She specifically commented

Because of the IMO regulation, we expect a stronger gasoil (S<0.5 wt %) and a weaker high-sulphur fuel oil (HSFO) crack (the price difference to crude), meaning wider light-heavy and sweet-sour differentials, which in turn translate to knock on effect on crude price differentials.

In addition, research director Angus Rodger noted that upstream producers of sour crudes could face many challenges with the IMO 2020 sulphur cap comes into force. Saudi Arabia, Iraq and Russia should expect the decrease of sour crudes' value.

He continued that these countries are amongst the lowest global producers, and although there is a possibility of the revenue being negatively affected, it will not directly influence field breakevens or output.

Thus, he highlighted that the impact will be most likely felt more by the top five global sour crude producers as Canada.

Additionally, the sulphur cap implementation will boost countries as the US and Brazil as they produce large quantities of heavy-sweet and light-sweet crudes respectively.
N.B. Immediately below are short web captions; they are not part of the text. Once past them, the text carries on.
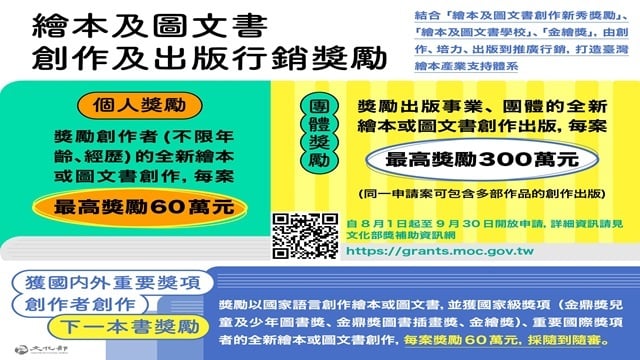 文化部「繪本及圖文書創作及出版行銷獎勵」　報名至9/30止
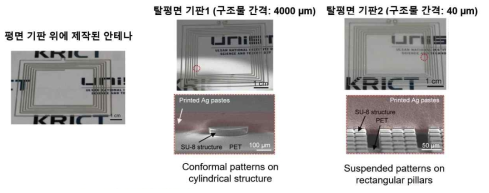 평면 및 탈평면 기판상에 제작된 안테나의 사진 및 SEM image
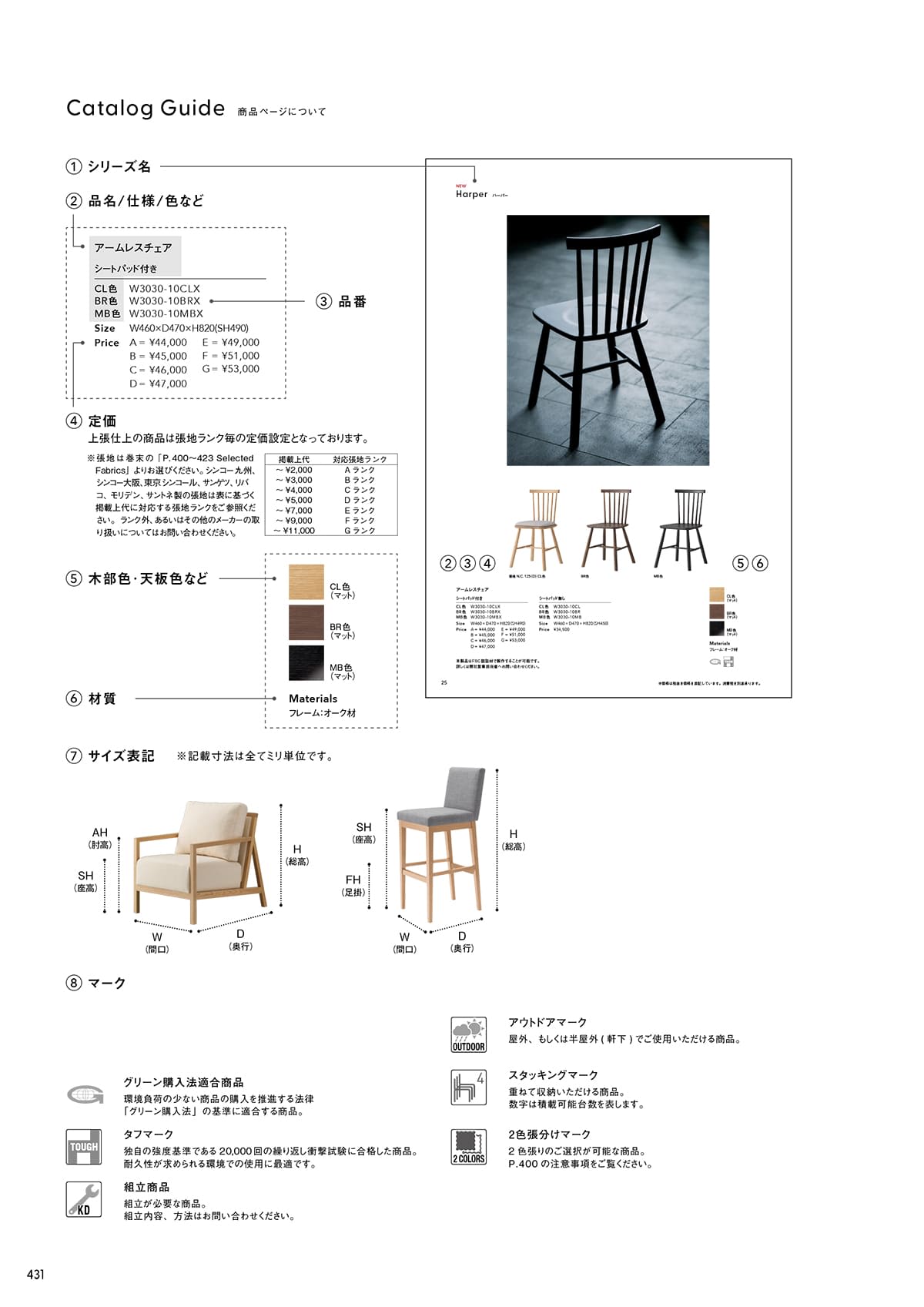 アダル ADAL カタログ P431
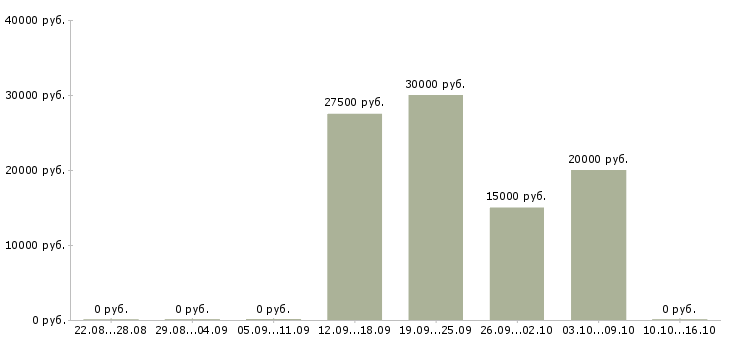 Вакансии подработка на вечер Санкт-петербург - Медиана зарплат подработка на вечер Санкт-петербург за 2 месяца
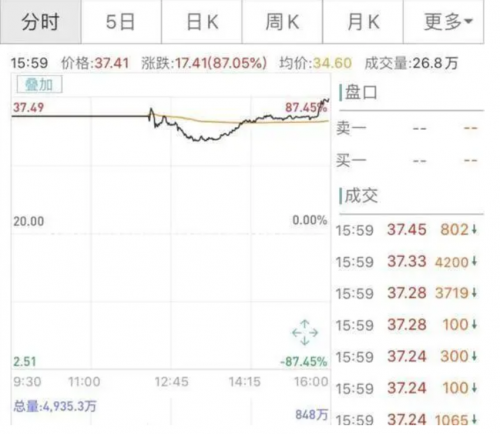 小辣椒|贝壳上市首日市值看齐百度，422亿美金凭什么？（一）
Moreover, research director Nicholas Browne noted that the sulphur cap will affect LNG in two ways:

  1. Shipping;
  2. Contracting.

He highlighted that the first impact is on LNG bunkering, as it is expected for it to reach 9 mmtpa by 2025.

The second concerns the value of LNG within contracts.

The Japanese crude cocktail is used for around 40% of LNG contracts. Its value will fall relative to Brent. For North East Asian buyers this could mean a saving of approximately US$2.5 billion in 2020 alone.

Continuing, Rohan Kendall, principal analyst, addressed that the impact of the sulphur cap on ocean freight means higher cost for bulks.

As Mr Kendall noted

Ocean freight is where the largest impact from IMO 2020 regulations lie for bulk commodities. Limited uptake of scrubber installation so far and a limited availability of VLSFO will mean most bulk carriers switch to higher priced diesel for compliance.

Iron ore shipments from Brazil to China will experience significant increases because of the distant voyage. Also, similarly, freight from Australia and Indonesia to North Asia will increase by between US$1.7/tonne and US$2.9/tonne.

Diesel price increases will only lead to a US27cents/tonne (1.3%) increase in average FOB costs for iron ore mines. However, the impact will not be evenly spread. Mines that use trucking for long-distance transport, have diesel-fired power generation, or have a high ratio of material moved to marketable production will be affected most.

He concluded that, Indonesia's thermal coal will see its cost making a leap upwards in comparison to Australia. This is because Indonesian mines almost exclusively use diesel powered mining equipment, have long truck hauls to barge ports, and utilize diesel powered barges for river based transport. Australia, on the other hand, has a higher proportion of electrified mining equipment and conveyors.